In terms of fans versus non-fans, the quests are playable for non-Star Wars fans, but the experience will be harder work and less enjoyable. Simple things like not knowing the names of the ships can make it difficult to find things. Scanning items to learn more about them helps, as does hovering over the mission objective for hints. However, these do slow you down and are not always clear. There are also a lot of Star Wars easter eggs in the pack which will bring a smile to fans’ faces, but totally pass others by.
I predict that this pack will be a love-it or hate-it for many players. For me, the biggest disappointments are that most of Batuu is merely set design, Chewie is a still photo, and the alien CAS options are limited. I also really wanted to fully interact with Kylo Ren and Rey. However, when considering these limits, you also have to remember that this is a Sims 4 game pack, not a full-blown Star Wars game or even an expansion pack.

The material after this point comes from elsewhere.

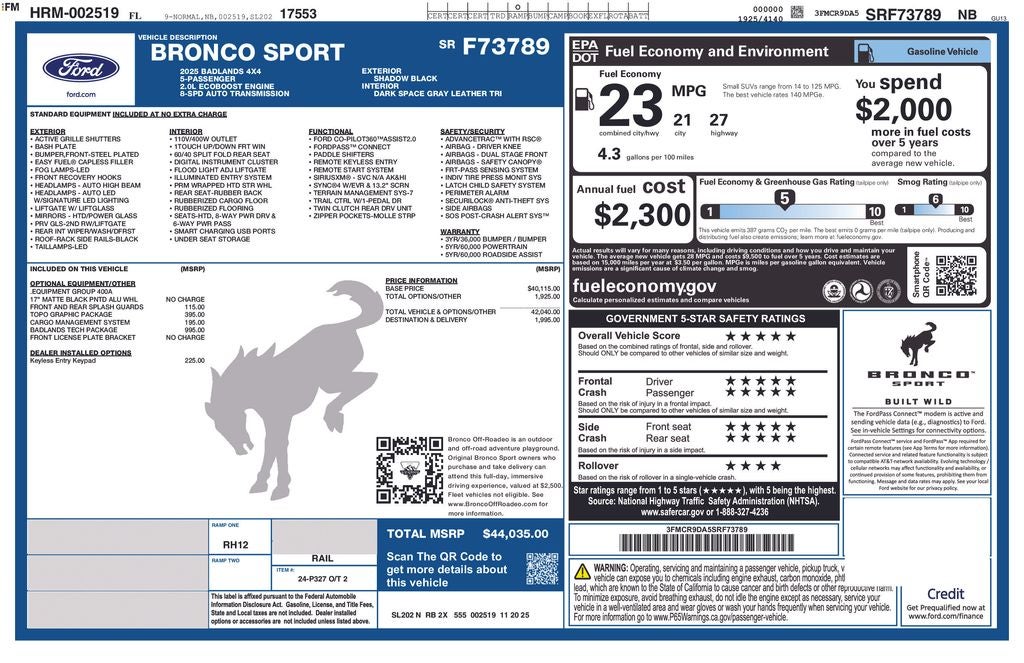 2025 Ford Bronco Sport Badlands 400A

Whatever you think of Journey To Batuu, it’s the very first pack that you can truly just skip over if it isn’t your thing. Batuu is entirely separate and you can only edit Oga’s Cantina and the First Order supply building as well as the Resistance bunker and a small part of the camp outside. The build items are useful, but fit a very specific aesthetic many people may not like and the clothing options are the same. If you choose to pass on this one, you truly won’t be missing out in terms of the wider game, which is a huge plus for a pack that’s so unique and specific.
A PC copy of The Sims 4: Journey To Batuu was provided to TheGamer for this review. The Sims 4: Journey To Batuu will be available for PC, Mac, Xbox One, and PlayStation 4 on September 8. A copy of The Sims 4 is required to play Journey To Batuu.